Tokenize Problems Regex

Hi,

I’m haing a problem tokenizing a flat file using the webMethods services.

The file contains a number of fields (some may be empty):

field0| field1| field2||field4|||field7

I would expect pub.string:tokenize to give me a list as (when tokenizing by |):
0 field0
1 field1
2 field2
3 null or blank
4 field4
5 null or blank
6 null or blank
7 field5

However, it is skipping the null values to give me:
0 field0
1 field1
2 field2
3 field4
4 field5

I considered using pub.string:replace to replace all “||” with “| |”, but I also need to check for “|||”, “||||”, etc. I am having difficulty using a regex search to solve this problem.

Any help would greatly be appreciated.

Hello,
Your issue starts with the fact that string:tokenize that you use is probably based on the Java StringTokenizer class which does the same annoying thing. I have a simple tokenize flow service. 100% flow using only WM flows in transformers.

Good day.
Yemi Bedu

makeTokens
makeTokens.zip (2.3 k)

Loop it.

Do a pub.string:replace, then do a Repeat, checking for pub.string:indexOf (substring = “||”). Do a branch, and break from the loop if %value% == -1. The $default branch of the loop is another pub.string:replace.

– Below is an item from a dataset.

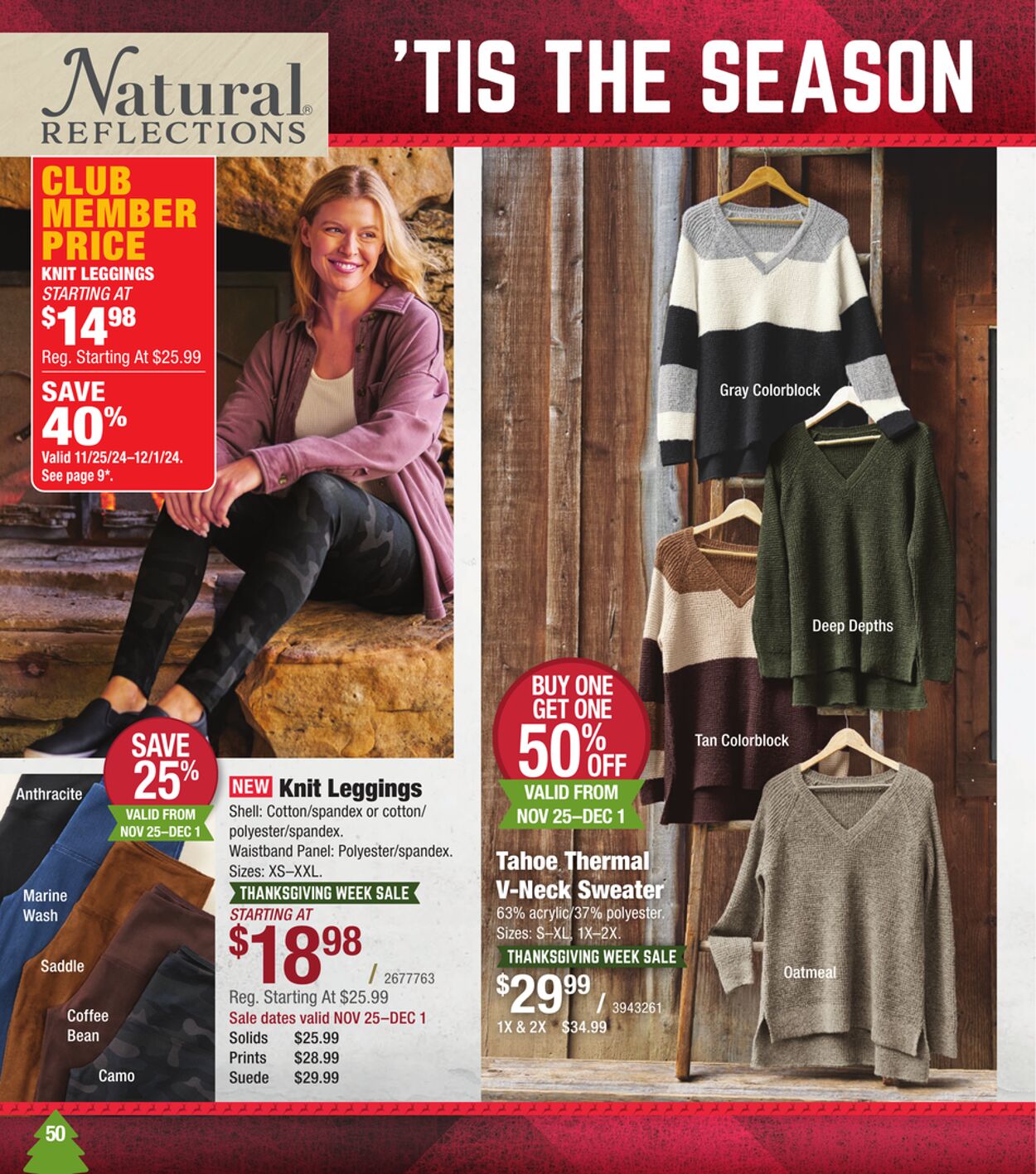 Catalogue Cabela's from 11/28/2024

The structure looks like this:

replace (searchString = “||”, replaceString = “| |”)
REPEAT (repeat-on SUCCESS)
__indexOf (substring = “||”)
__BRANCH (switch = “/value”)
____-1: SEQUENCE
______EXIT ‘$loop’
____$default: SEQUENCE
______replace (searchString = “||”, replaceString = “| |”)
tokenize (delim = “|”)

Try pub.string:replace with the following inputs:

searchString: “|||”
replaceString: "| "
useRegex: true

  • Don’t include the " " - just to illustrate space in replaceString

It will convert:
field0| field1| field2||field4|||field7
into
field0| field1| field2| | field4| | | field7

Now pub.string:tokenize will give you 8 elements (but you’ll have to trim them for the space added.